**Assignment**
Nothing but the lines below from the one holding "Стакан паперовий одношаровий" up to and including the one holding "Pink Leopard Print 17 Inch Backpack" should be copied, exactly and without pictures.

**Data records**
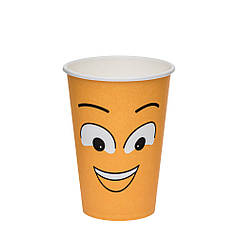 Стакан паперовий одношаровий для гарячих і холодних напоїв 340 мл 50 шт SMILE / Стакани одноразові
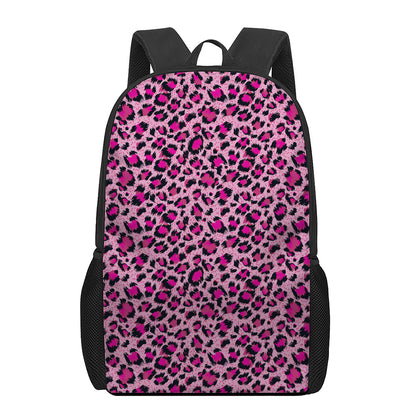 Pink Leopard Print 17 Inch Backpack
...
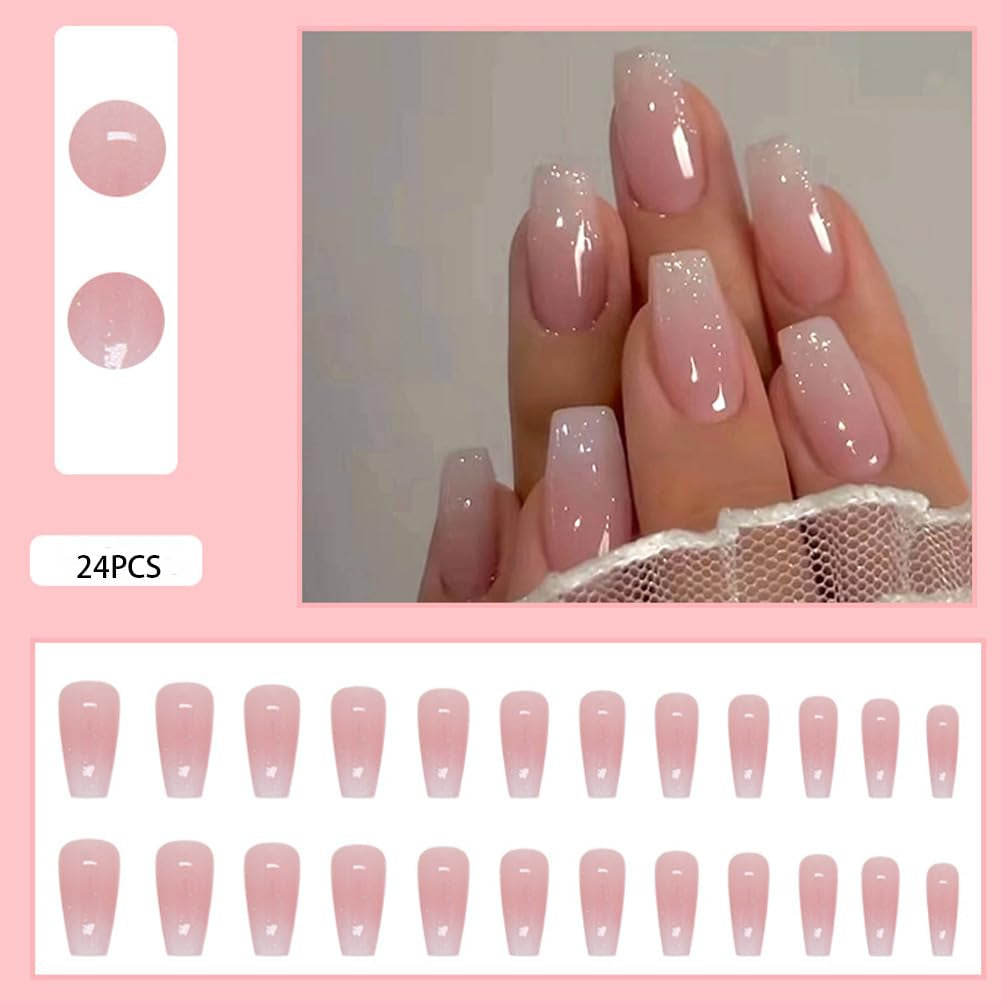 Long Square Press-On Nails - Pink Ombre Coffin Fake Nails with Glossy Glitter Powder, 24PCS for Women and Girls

**Output below**
 Стакан паперовий одношаровий для гарячих і холодних напоїв 340 мл 50 шт SMILE / Стакани одноразові
 Pink Leopard Print 17 Inch Backpack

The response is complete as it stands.